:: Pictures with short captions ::
- - - - - - -

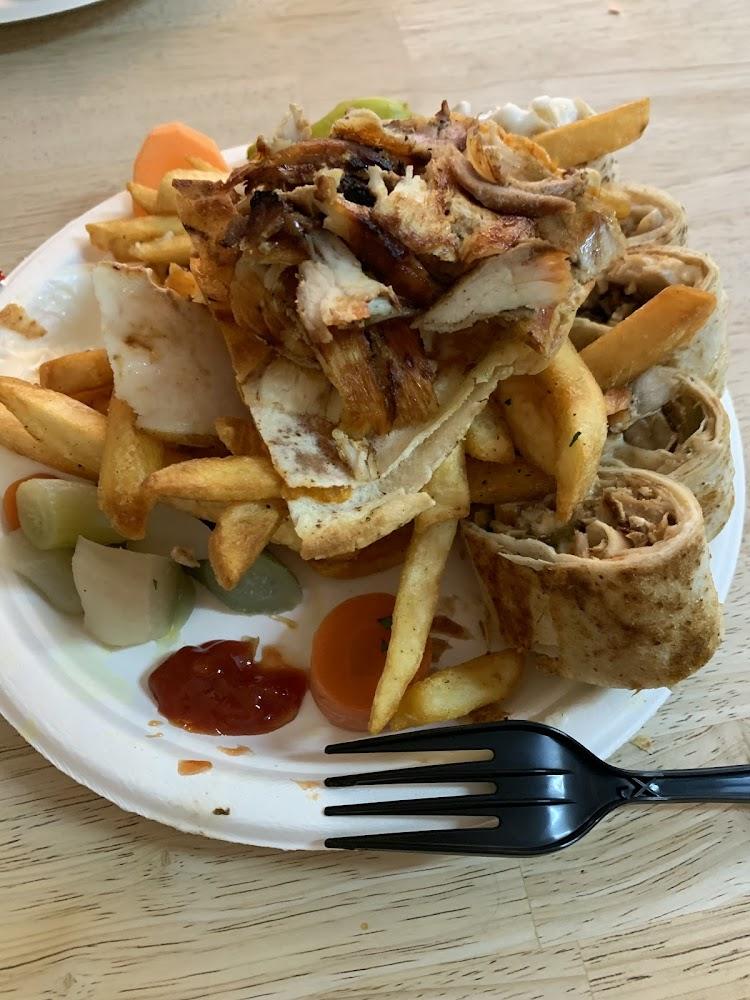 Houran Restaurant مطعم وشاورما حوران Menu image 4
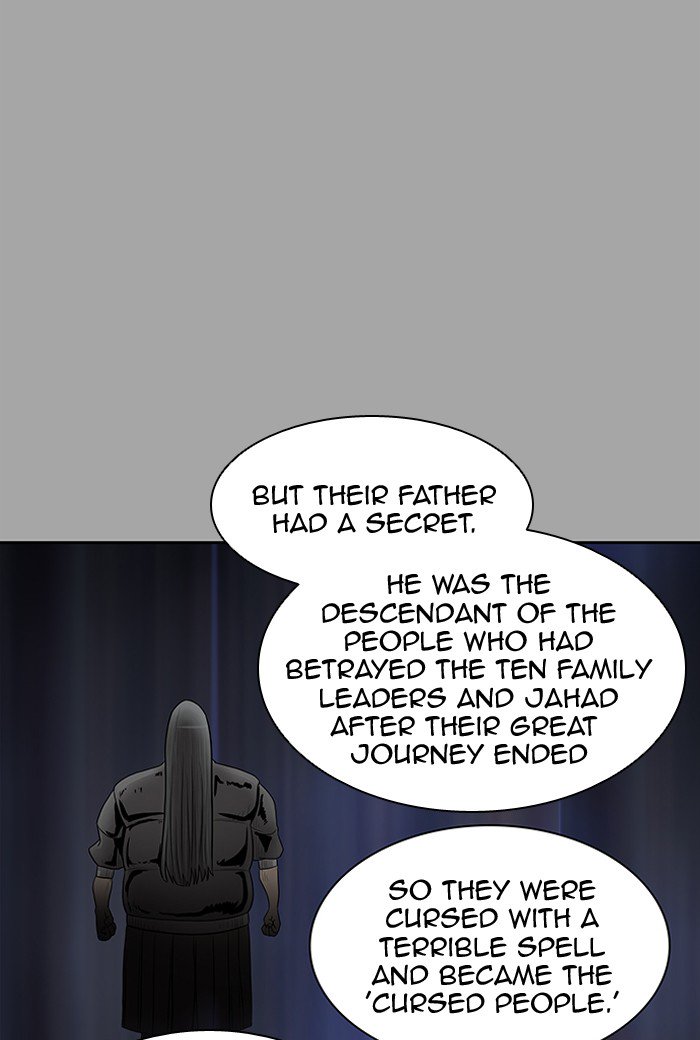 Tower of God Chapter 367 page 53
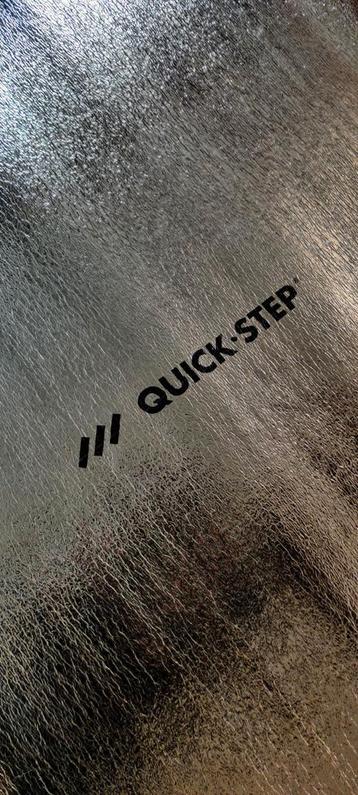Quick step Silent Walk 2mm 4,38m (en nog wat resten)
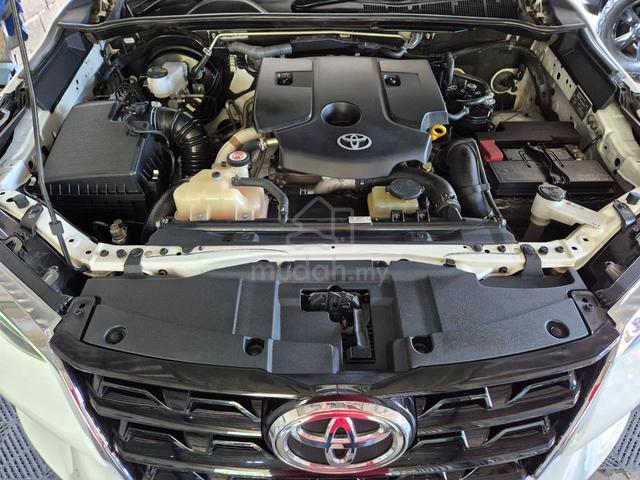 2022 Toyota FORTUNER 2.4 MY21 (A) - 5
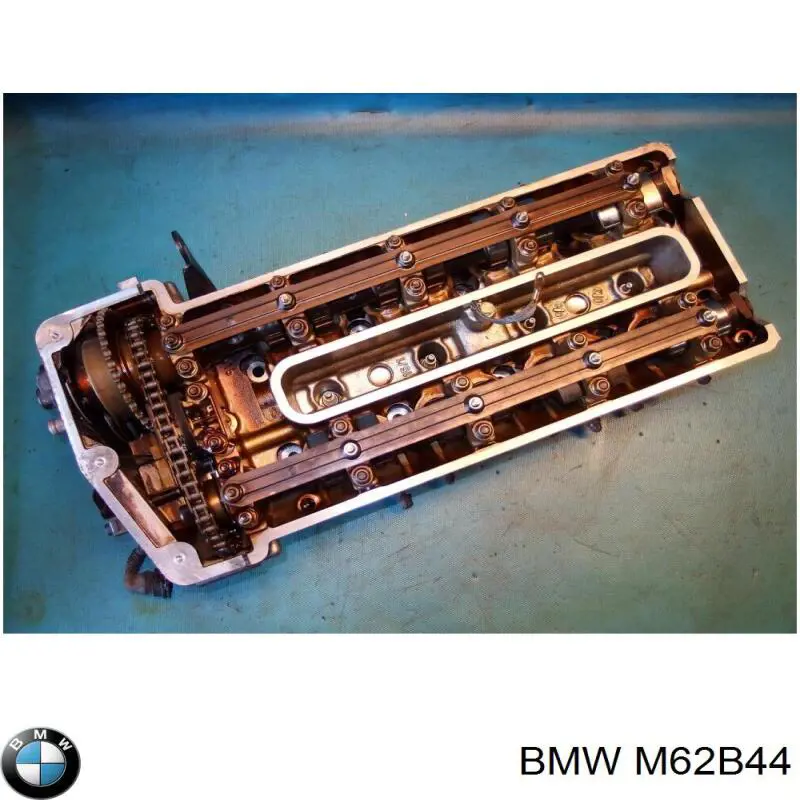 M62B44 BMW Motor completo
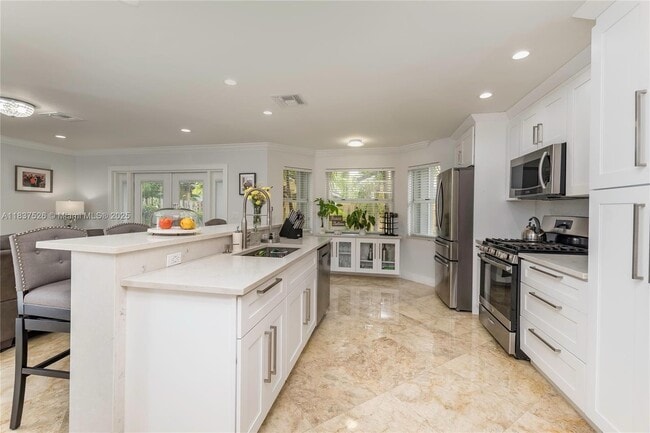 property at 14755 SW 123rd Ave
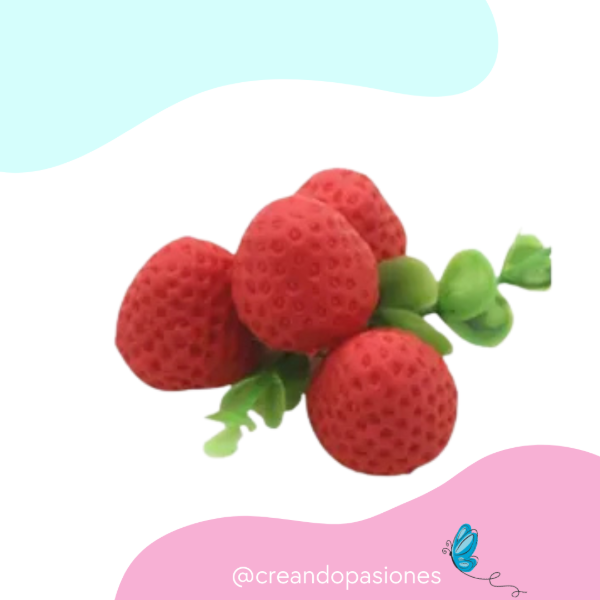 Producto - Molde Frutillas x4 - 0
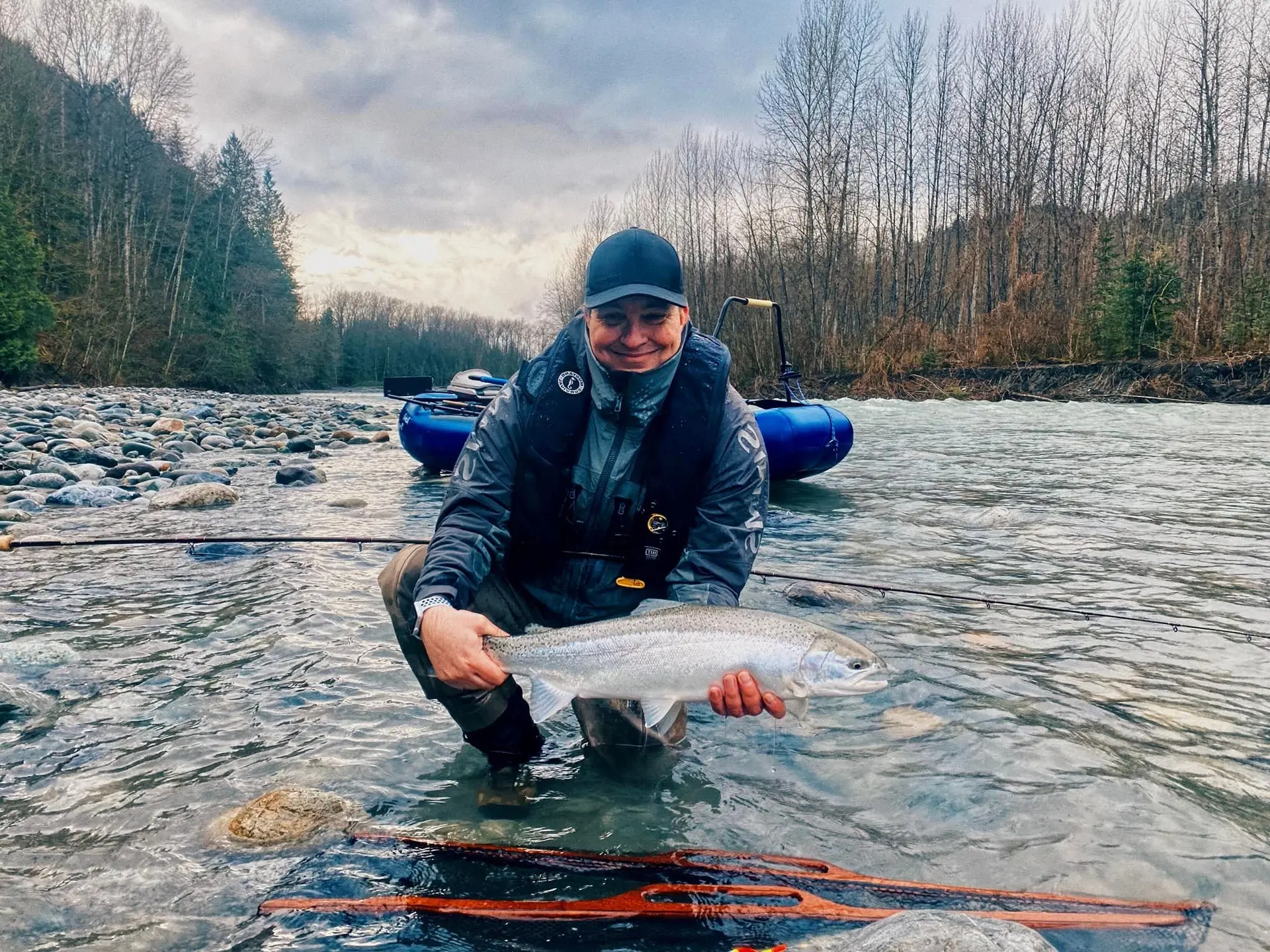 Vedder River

- - - - - - -

:: Task prompt ::
Could you return exactly the lines starting with the one that contains "property at 14755 SW 123rd Ave" and ending with the last line of the data above? Leave the pictures out.

:: Task output ::
 property at 14755 SW 123rd Ave
 Producto - Molde Frutillas x4 - 0
 Vedder River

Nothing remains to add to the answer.